Vaya por adelantado que esta es la singladura (conocida, repetida y triste) de otra mujer que estuvo, participó y… y acabó eclipsada por la condición icónica de aquellos a los que frecuentó. Nada nuevo, diréis, pero en este caso todo adquiere unos tintes si cabe más trágicos: por la juventud de ella, por su falta de oportunidades, por lo implacable de ese mundo de hombres en el que nunca quiso ejercer el único papel que le reservaban: el de musa bizarra.
Principios de los sesenta. Para un puñado de cineastas conscientes de su imposibilidad de incorporarse a la industria cinematográfica (por sus intereses artísticos, por sus propias convicciones), ha llegado el momento. La suya será una fama relativa, sin centenares de miles de espectadores pero arropados por una ciudad y un tiempo necesitado de manifiestos rompedores, de celuloide más allá de principios novelescos, con ganas de no quedarse únicamente en el escándalo que supone lo distinto.
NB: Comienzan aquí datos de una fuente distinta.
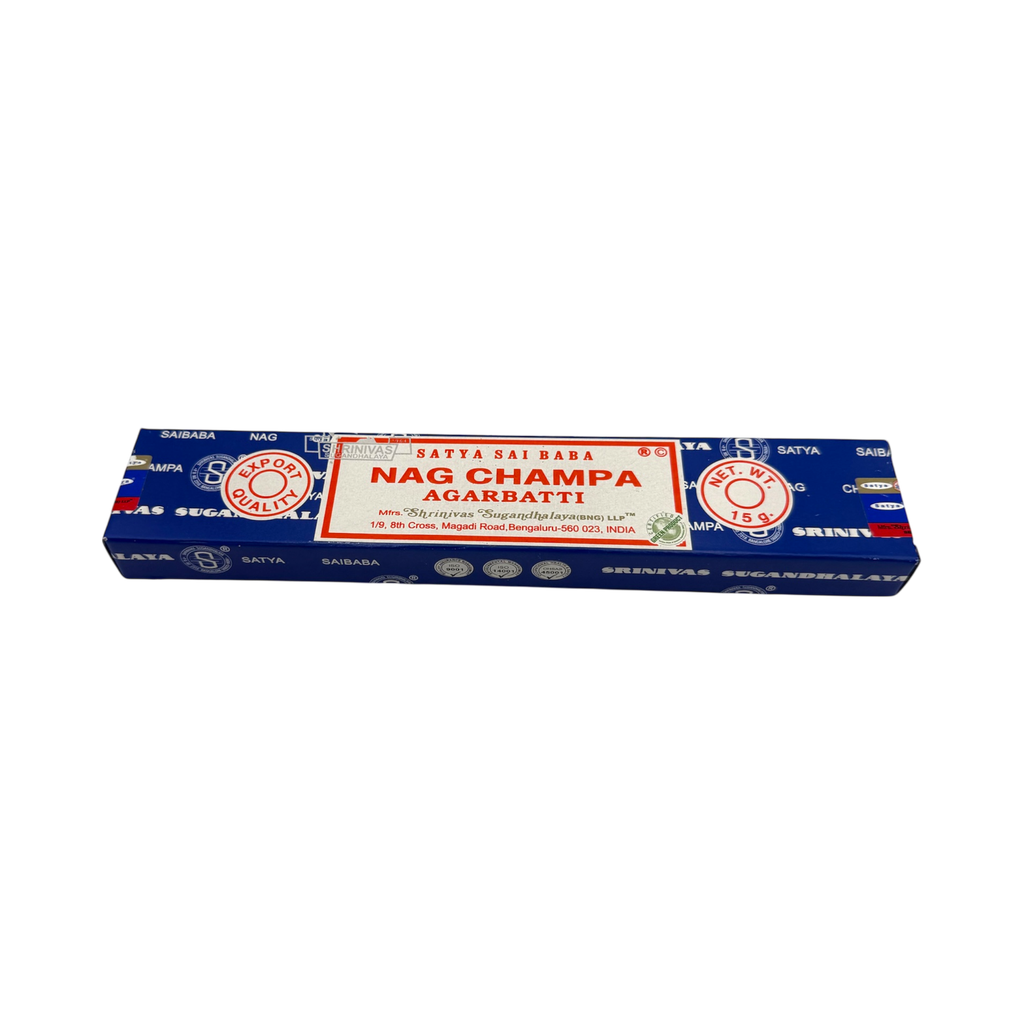 NAG CHAMPA Satya 15g x1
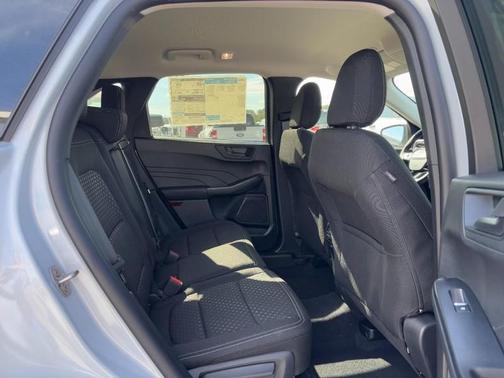 2026 Ford Escape Active AWD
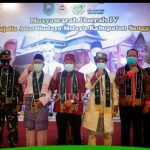 MABM Sanggau Gelar Musda ke-IV, Bupati Pesankan Ini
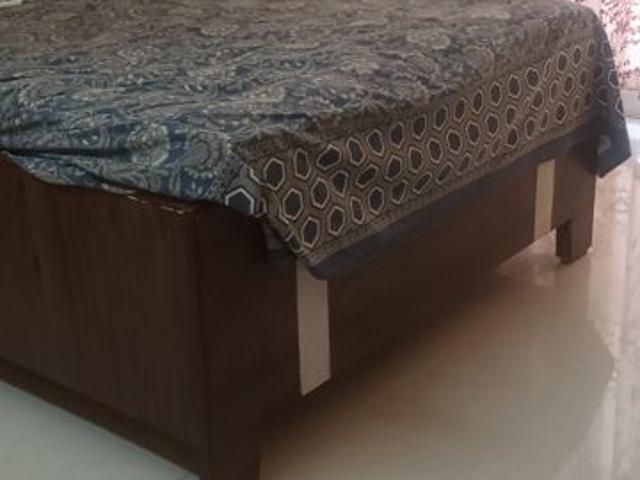 Flat for rent in Sector 8, Navi Mumbai
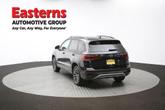 Thumbnail of 2024 Deep Black Pearl Volkswagen Taos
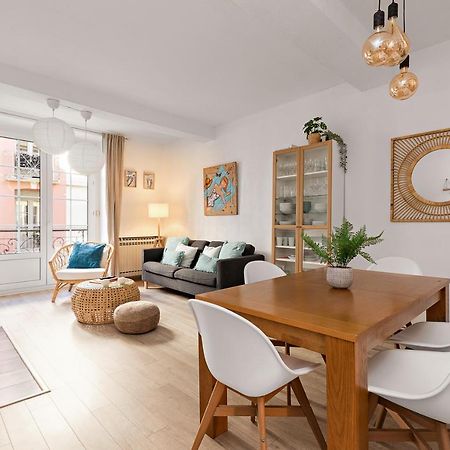 Le57 - Appartement 2 Chambres Coeur De Ville Dieppe Esterno foto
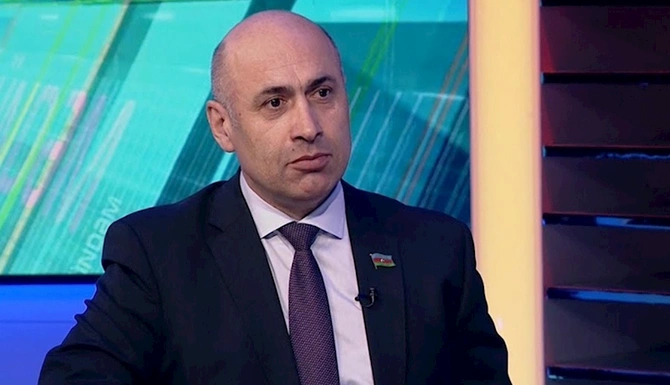 Türkmən liderini Azərbaycana gətirən iki səbəb Türkmən liderini Azərbaycana gətirən iki səbəb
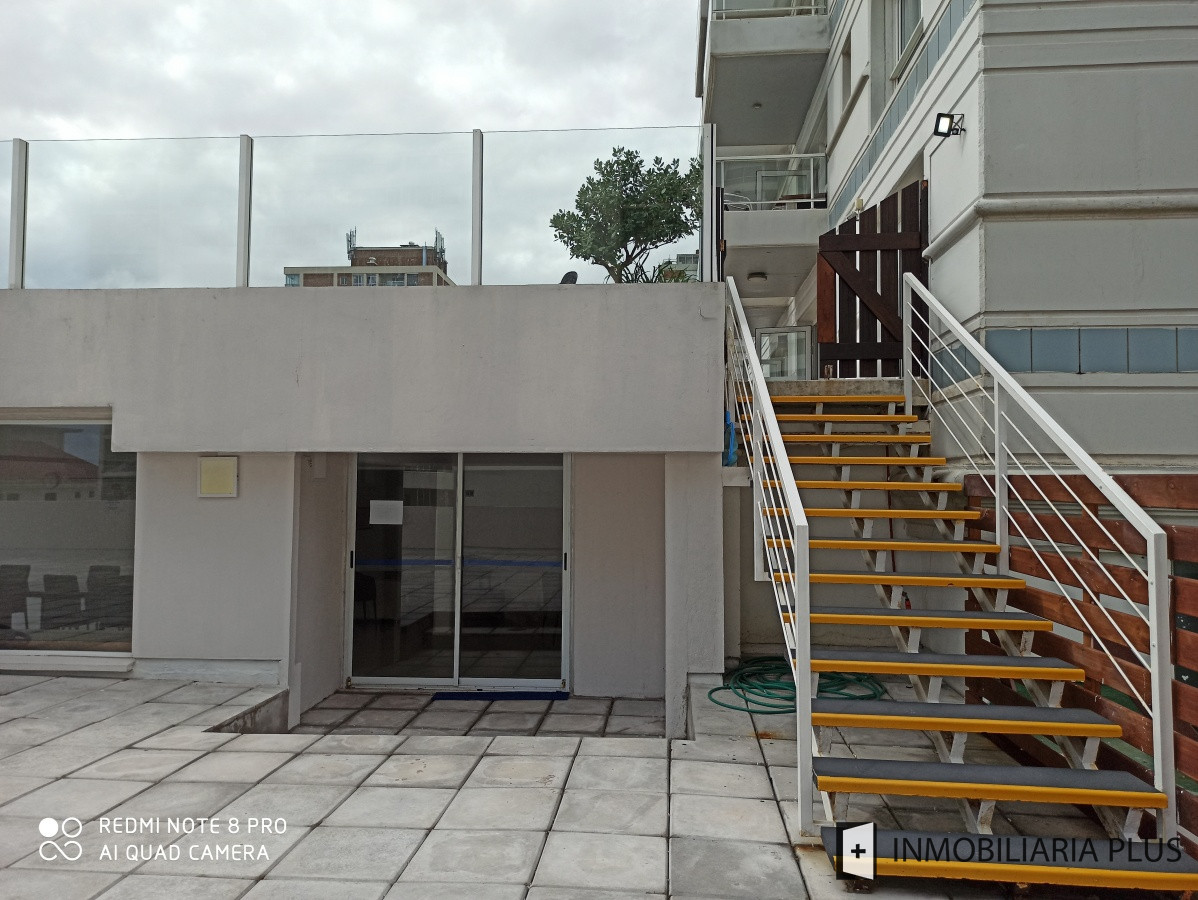 Apartamento ID.1609 - LOFT ALQUILER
El pope de toda esta marabunta desordenada fue el canonizado Jonas Mekas, fallecido en enero de este año tras casi medio siglo de manifiestos -con la cámara y con la pluma-. El cine experimental estaba en paños menores y funcionaba más por contraposición que por autoconciencia de su indudable potencial. Los más atentos -o quizás, los más aprovechados- no tardaron en subirse a un barco que disfrutaba de las aguas turbulentas y de un rumbo sin brújula, en perpetua deriva. El principal valedor fue aquél Andy Warhol que estaba en todas, aquél ojeador cultural que fichaba para su marca a todo lo que sonase decidido, innovador, epatante.
Del diario personal e intransferible de Mekas -casi un continuo rodado a lo largo de sus 50 años de “capturas” o, como él prefería denominarlo, de “pequeños destellos de belleza vistos ocasionalmente”– a los monumentos solipsistas de Warhol. Así fue como aquél cine experimental estadounidense nacido en los años 40 de la mano de gente como Maya Deren -otra hermosa y maldita de la que hablaremos en otra ocasión- alcanzó cierto estatus entre una generación a punto para ser bautizada por el aullido de Allen Ginsberg.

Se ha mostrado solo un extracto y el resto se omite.